-- Supplied records follows --

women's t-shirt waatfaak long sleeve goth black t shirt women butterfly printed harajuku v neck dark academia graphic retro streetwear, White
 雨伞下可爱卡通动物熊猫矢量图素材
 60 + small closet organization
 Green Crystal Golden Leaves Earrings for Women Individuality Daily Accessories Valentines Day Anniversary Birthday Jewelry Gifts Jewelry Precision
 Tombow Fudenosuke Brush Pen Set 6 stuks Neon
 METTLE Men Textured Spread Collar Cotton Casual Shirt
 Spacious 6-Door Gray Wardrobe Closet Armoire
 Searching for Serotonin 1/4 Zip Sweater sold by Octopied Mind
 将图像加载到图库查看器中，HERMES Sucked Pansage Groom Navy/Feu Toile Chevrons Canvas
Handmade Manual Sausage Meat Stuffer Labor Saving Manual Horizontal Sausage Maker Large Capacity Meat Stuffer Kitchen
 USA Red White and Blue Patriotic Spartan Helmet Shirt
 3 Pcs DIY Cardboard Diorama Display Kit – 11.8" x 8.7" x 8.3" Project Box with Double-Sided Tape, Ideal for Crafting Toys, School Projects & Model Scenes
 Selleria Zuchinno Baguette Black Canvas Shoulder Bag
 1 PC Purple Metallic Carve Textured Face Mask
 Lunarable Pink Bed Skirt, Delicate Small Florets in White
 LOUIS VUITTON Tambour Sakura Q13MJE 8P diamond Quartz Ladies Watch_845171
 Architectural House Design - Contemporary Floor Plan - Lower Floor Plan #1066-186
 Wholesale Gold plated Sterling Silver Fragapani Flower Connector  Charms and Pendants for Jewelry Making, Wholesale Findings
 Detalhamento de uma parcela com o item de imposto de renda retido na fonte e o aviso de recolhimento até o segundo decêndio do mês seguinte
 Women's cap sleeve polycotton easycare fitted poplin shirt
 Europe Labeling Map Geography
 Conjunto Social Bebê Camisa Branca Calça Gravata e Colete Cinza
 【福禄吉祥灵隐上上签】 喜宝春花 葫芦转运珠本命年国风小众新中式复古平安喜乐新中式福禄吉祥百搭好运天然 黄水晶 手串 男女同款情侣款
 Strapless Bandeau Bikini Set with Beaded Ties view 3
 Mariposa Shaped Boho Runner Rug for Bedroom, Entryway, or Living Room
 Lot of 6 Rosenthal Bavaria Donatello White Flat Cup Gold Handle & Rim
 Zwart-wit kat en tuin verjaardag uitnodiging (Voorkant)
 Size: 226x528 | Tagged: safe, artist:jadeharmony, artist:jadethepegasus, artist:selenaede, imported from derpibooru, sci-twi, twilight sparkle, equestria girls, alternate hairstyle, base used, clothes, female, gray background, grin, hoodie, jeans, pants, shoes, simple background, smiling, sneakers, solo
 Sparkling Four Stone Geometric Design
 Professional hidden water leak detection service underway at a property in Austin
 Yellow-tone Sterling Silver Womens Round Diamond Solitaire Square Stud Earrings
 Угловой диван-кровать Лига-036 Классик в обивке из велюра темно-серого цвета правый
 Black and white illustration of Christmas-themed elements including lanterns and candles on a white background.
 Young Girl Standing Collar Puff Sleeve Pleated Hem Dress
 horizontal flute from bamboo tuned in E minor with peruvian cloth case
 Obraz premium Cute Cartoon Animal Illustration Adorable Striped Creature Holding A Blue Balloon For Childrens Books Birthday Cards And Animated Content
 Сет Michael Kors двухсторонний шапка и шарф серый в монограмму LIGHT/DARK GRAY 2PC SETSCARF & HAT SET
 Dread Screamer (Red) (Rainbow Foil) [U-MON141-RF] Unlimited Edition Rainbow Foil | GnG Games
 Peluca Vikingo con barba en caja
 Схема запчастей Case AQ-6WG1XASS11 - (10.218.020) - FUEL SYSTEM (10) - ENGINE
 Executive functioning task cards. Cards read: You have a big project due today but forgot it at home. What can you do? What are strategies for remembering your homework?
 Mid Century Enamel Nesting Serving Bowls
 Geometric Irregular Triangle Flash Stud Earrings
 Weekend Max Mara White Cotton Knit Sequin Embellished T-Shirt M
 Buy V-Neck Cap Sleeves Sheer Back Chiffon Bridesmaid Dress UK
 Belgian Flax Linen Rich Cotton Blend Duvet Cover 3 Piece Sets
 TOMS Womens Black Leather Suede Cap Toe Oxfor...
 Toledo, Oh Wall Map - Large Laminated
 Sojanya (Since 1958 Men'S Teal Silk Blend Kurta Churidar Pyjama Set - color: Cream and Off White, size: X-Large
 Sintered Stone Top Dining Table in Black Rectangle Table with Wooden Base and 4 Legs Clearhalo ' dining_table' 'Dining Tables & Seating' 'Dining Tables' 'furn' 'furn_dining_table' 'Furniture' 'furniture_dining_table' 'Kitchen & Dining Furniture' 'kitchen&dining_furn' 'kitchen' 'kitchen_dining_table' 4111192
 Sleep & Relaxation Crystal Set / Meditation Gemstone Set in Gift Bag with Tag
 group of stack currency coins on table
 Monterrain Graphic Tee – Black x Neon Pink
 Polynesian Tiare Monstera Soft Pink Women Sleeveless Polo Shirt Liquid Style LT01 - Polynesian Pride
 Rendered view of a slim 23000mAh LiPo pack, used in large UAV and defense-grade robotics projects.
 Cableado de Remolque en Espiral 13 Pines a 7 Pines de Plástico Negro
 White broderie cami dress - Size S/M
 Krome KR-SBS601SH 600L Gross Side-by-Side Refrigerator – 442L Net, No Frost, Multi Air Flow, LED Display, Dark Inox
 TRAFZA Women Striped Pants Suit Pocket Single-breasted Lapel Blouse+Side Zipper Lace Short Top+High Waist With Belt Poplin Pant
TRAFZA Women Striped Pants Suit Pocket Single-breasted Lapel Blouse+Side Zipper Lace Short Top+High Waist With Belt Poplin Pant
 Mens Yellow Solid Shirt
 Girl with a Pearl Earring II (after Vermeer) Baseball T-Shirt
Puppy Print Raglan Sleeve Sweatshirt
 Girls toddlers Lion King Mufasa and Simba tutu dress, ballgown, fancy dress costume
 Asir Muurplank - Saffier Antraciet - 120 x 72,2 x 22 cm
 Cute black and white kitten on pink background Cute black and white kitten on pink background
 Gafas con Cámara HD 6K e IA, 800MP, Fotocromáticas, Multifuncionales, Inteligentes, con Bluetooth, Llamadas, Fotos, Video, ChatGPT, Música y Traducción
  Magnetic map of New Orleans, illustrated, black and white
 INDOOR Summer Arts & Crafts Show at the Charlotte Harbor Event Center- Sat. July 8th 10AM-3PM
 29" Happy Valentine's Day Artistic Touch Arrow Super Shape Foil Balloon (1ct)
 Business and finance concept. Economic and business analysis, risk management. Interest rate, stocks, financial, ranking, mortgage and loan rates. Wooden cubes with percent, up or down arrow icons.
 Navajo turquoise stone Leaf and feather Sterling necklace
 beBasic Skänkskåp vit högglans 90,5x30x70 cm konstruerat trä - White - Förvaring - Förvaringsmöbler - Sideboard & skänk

-- Supplied records concluded --

▸ **Work instructions**: An exact copy of the lines above, from the one containing "Peluca Vikingo con barba en caja" down to the one containing "Sojanya (Since 1958" and including both, is the whole answer; retype it and nothing else.

▸ **Response to this task**:
 Peluca Vikingo con barba en caja
 Схема запчастей Case AQ-6WG1XASS11 - (10.218.020) - FUEL SYSTEM (10) - ENGINE
 Executive functioning task cards. Cards read: You have a big project due today but forgot it at home. What can you do? What are strategies for remembering your homework?
 Mid Century Enamel Nesting Serving Bowls
 Geometric Irregular Triangle Flash Stud Earrings
 Weekend Max Mara White Cotton Knit Sequin Embellished T-Shirt M
 Buy V-Neck Cap Sleeves Sheer Back Chiffon Bridesmaid Dress UK
 Belgian Flax Linen Rich Cotton Blend Duvet Cover 3 Piece Sets
 TOMS Womens Black Leather Suede Cap Toe Oxfor...
 Toledo, Oh Wall Map - Large Laminated
 Sojanya (Since 1958 Men'S Teal Silk Blend Kurta Churidar Pyjama Set - color: Cream and Off White, size: X-Large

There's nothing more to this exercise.